This World Is Not Your Home

Setup: Nintendo Switch Lite/PC
Developer: Cardboard Computer
Publisher: Annapurna Interactive
Release Date: 1/28/2020
Platforms: Windows, Linux, PS4, XB1, Nintendo Switch

You can’t save everyone.

After putting in over 20 hours and multiple playthroughs with Cardboard Computer’s masterpiece Kentucky Route Zero, I stepped away from the game each time with tears streaking my face. I felt hopeless yet filled with hope simultaneously, knowing that bearing witness was enough but wishing I could do more for Conway, for Clara, for Shannon, for this town, for the Neighbors, for the people I just met and the people I’d been traveling with all throughout the game’s long, long night.

But KR0 is not a game that wants you, the player, supreme embodier of all virtual avatars in every other game, to have the power to make that kind of difference. You aren’t Frisk in Undertale. You’re not the Guardian in Destiny. This is not a video game; it’s a play, a grand and solemn Southern Gothic theater production set in the modern world, and you are at best an audience member that’s gotten a bit too handsy. Not everyone wants to be saved. Conway believes he owes a debt, and that’s why he has to leave. His choice, while horrible because we know what is going to happen to him, is his alone to make. Some people will leave the nameless town, despite it being an, as Ursula K. Le Guin described Anarres in The Dispossessed, “an ambiguous utopia.” That, too, is their choice, one we can’t take away from them.

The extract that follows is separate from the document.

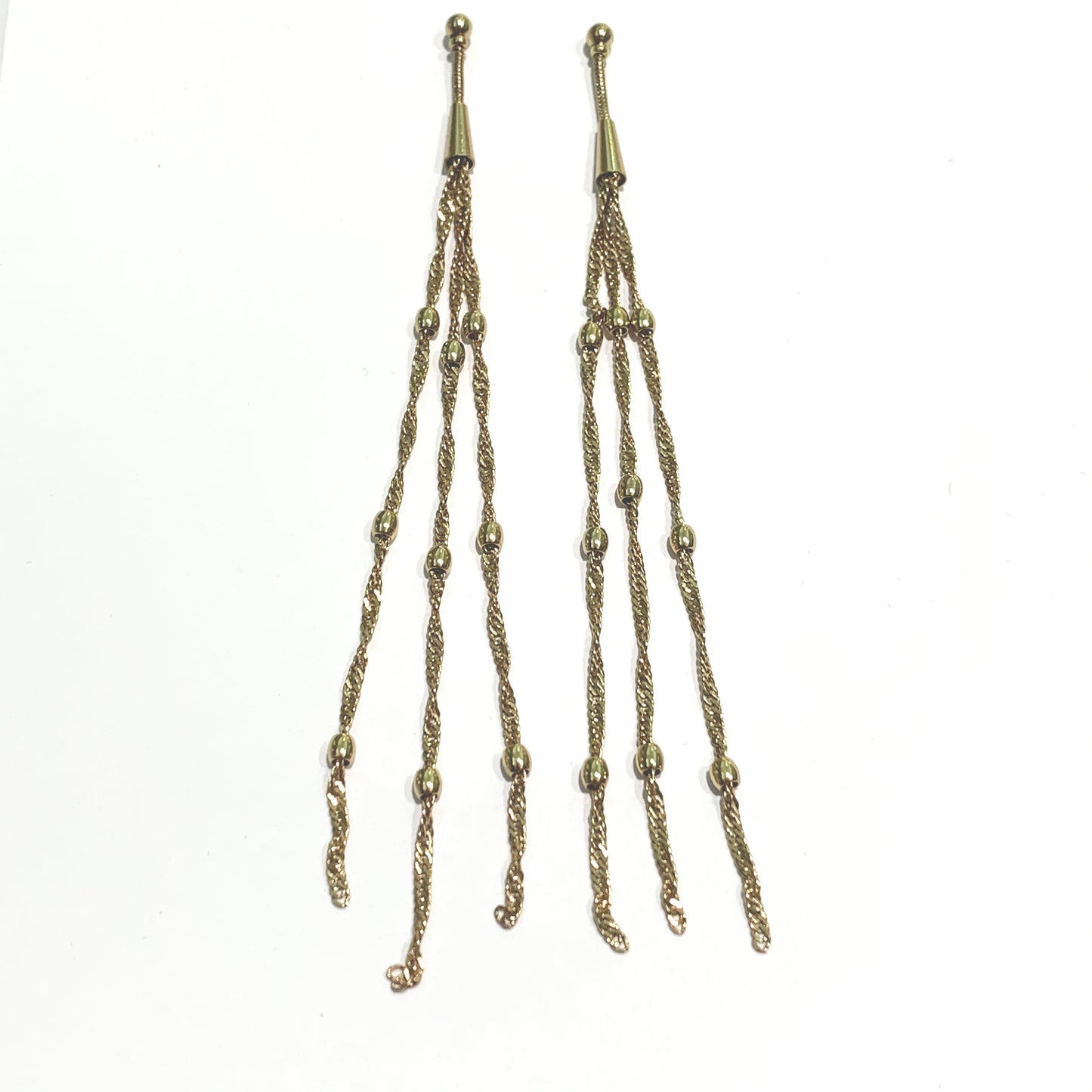 Orecchini pendenti in bijoux bagnati in oro giallo con tre fili pendenti. Lunghezza 13 cm. Spessore filo 0,2 cm. Chiusura con farfalline. Spedizione gratuita con confezione regalo.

There is a moment that I think speaks for the entire game, a moment when you realize this game isn’t about the furniture delivery to 5 Dogwood Drive, it isn’t about Conway or Shannon or Junebug and Johnny, it’s not about Ezra, it’s not about how weird everything is. It’s about this town, and this world, and what the people here have decided to do, even though it feels like god and the company and the state of Kentucky are against them.

Maya – you and our other visitors might not know about the Out-of-Towner. He came here to work for the company, to dig a ditch. And the company worked him good and hard, and for less than he was worth, but it wasn’t enough. They had to use him up completely.

After that, we became ungovernable. First out of shame, then grief, then anger.

The entire game up to this point has painted its chief metaphysical antagonists, the forces of debt and coercion, as indestructible. But here, in this unnamed town, you see that it’s not impossible to defeat Consolidated Power Company, it’s not impossible to escape Hard Times Distillery, that in fact these mythological behemoths of modern capitalism have weaknesses, can be fought against, and that even in the unlikely Appalachian foothills of Kentucky, a better world is possible. It isn’t easy, no radical project is, and the town will need to be rebuilt countless times. But it is possible. And in this here-and-now, when so many things feel impossible, this moment, this knowledge, is precious.

And as they bury The Neighbors, as they sing the hymn, the town is joined by the ghosts of all they have lost. And another message becomes crystal clear, one that we all hear, sometimes faint and sometimes loud:

Mourn the dead. And fight like hell for the living.